• **WHAT IS BEING ASKED**
Quote the entries below from the line with "Invasion of Robots - Single" through the line with "Rover 800 820 turbo cat Ti Lusso", both ends included, and only those lines.

** DATASET RECORDS follows **

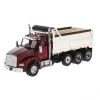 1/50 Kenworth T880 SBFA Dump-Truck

** End of DATASET RECORDS **
** DATASET RECORDS follows **

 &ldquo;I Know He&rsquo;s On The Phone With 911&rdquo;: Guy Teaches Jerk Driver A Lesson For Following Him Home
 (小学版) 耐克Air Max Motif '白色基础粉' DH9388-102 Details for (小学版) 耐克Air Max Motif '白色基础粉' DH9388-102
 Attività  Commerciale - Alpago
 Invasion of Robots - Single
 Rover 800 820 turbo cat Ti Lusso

** End of DATASET RECORDS **

• **EXPECTED ANSWER**
 Invasion of Robots - Single
 Rover 800 820 turbo cat Ti Lusso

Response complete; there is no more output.